This query takes over 2 hrs to run, why?

arvindravish 2013-04-16 13:49:54

I am trying to rewrite this query, but no matter what I do it takes over 2 hrs to complete. I have even tried to make this plan parallel but still no luck with the duration it is taking complete. What is causing the problem in this query? Any options to optimize it? Thanks in advance.

Below is the query

SELECT  s1.AssetID ,
    s1.Date ,
    s1.CalanderStartTime ,
    MIN(t1.CalanderEndTime) AS CalanderEndTime ,
    DATEDIFF(Minute, s1.CalanderStartTime, MIN(t1.CalanderEndTime)) [Minutes]
FROM   
    dbo.tmp_CU_IncidentCalendarWithOutDownOrPartial s1
    INNER JOIN dbo.tmp_CU_IncidentCalendarWithOutDownOrPartial t1 
   ON s1.CalanderStartTime <= t1.CalanderEndTime
             AND s1.AssetId = t1.AssetId
             AND s1.Date = t1.Date
             AND NOT EXISTS ( SELECT
             *
             FROM
             dbo.tmp_CU_IncidentCalendarWithOutDownOrPartial t2
              WHERE
              t1.CalanderEndTime >= t2.CalanderStartTime
             AND t1.CalanderEndTime < t2.CalanderEndTime
             AND t1.AssetID = t2.AssetID
             AND t1.Date = t2.Date )
WHERE   NOT EXISTS ( SELECT *
                 FROM   dbo.tmp_CU_IncidentCalendarWithOutDownOrPartial s2
                 WHERE  s1.CalanderStartTime > s2.CalanderStartTime
                        AND s1.CalanderStartTime <= s2.CalanderEndTime
                        AND s1.AssetID = s2.AssetID
                        AND s1.Date = s2.Date )
GROUP BY s1.CalanderStartTime ,
    s1.AssetID ,
    s1.Date
ORDER BY s1.CalanderStartTime
Aaron Bertrand 2013-04-16 13:59:22
How many rows in the table? Can you help map the indexes to the anonymized indexes in the plan, and indicate which columns they're on? Can you show some sample data and desired results (including some rows you want filtered out)? It's tough to suggest changes to the query without fully understanding the source data and what the end result is supposed to be.
arvindravish 2013-04-16 14:10:37
The table has 5,683,700 rows with just one index on the table used in the query
CREATE NONCLUSTERED INDEX IX_aravish_tmp_CU_IncidentCalendarWithOutDownOrPartial ON dbo.tmp_CU_IncidentCalendarWithOutDownOrPartial(AssetID, Date, CalanderEndTime, CalanderStartTime, IncidentID)

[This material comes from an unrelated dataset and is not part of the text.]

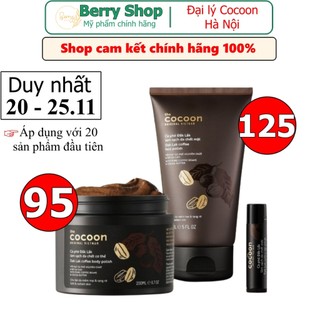 Tẩy da chết Cocoon: body, mặt. môi 200g/150g sạch da, mềm mịn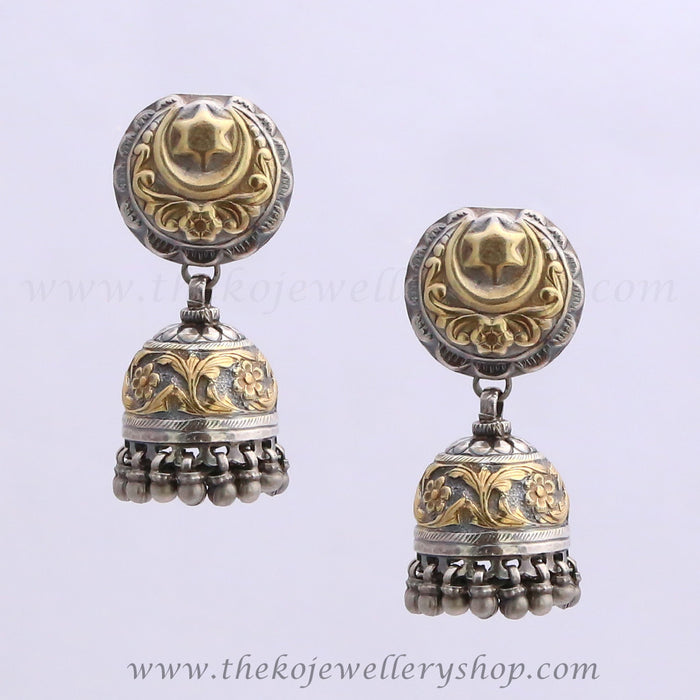The Nabah Silver Two-tone Jhumka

I don't much about the data. I have just been asked to optimize this query.
I have just attached an image with sample data
alt text

BrianE 2013-04-16 14:18:14
After looking at this for a few minutes, I'd say it doesn't look like you really need to join tmp_CU_IncidentCalendarWithOutDownOrPartial to itself and then do two separate "WHERE NOT EXISTS" with the same table again. I think you should consider if there's a way you can do all the self comparison in one shot. If you're trying to find only the most recent transactions, you could do MAX(EndTime) GROUP BY AssetID, for instance. How many records are in this table?
BrianE 2013-04-16 14:31:44
Also, I have a related question for others who may be posting answers. When using a "WHERE NOT EXISTS," I typically use SELECT 1 instead of SELECT *. This seems more optimized to me because you're returning an integer instead of a row of data, and all you want to know is whether something exists. SQL server may treat these the same though. Does anyone know which is better?
Aaron Bertrand 2013-04-16 14:34:06
They are identical – SQL Server optimizes that away. It knows that an EXISTS / NOT EXISTS just returns true or false as opposed to returning any data, so it completely ignores the column list. I use 1, like you, but for a different reason: self-documentation. SELECT 1 makes it absolutely clear that the subquery does not return real data, in the event that someone missed the leading EXISTS / NOT EXISTS.
BrianE 2013-04-16 14:50:54
That's what I figured; thanks for confirming!
kfraz 2013-04-16 15:25:15
I think you are trying to find the first Start time and the last end time for an assetID for a day. If so look at query below. I didn't have time to create test data but it should be close.

SELECT  s1.AssetID ,
        s1.Date ,
        s1.CalanderStartTime ,
        DATEDIFF(Minute, s1.CalanderStartTime, t1.CalanderEndTime) [Minutes]
FROM    (SELECT AssetID ,
                [Date] ,
                CalanderStartTime ,
                ROW_NUMBER() OVER (PARTITION BY AssetID, [Date] 
                           ORDER BY AssetID, [Date], CalanderStartTime ASC
                          ) AS StartOrder
         FROM   dbo.tmp_CU_IncidentCalendarWithOutDownOrPartial
        ) AS s1
        LEFT OUTER JOIN (SELECT CalanderStartTime ,
            [DATE] ,
            ROW_NUMBER() OVER (PARTITION BY AssetID,
            [Date] ORDER BY AssetID, [Date], CalanderEndTime DESC) AS EndOrder
                         FROM   dbo.tmp_CU_IncidentCalendarWithOutDownOrPartial
                        ) t1 ON s1.AssetID = t1.AssetID
                                AND s1.[DATE] = t1.[DATE]
                                AND s1.StartOrder = t1.EndOrder
WHERE   s1.StartOrder = 1
        AND t1.EndOrder = 1
ORDER BY s1.CalanderStartTime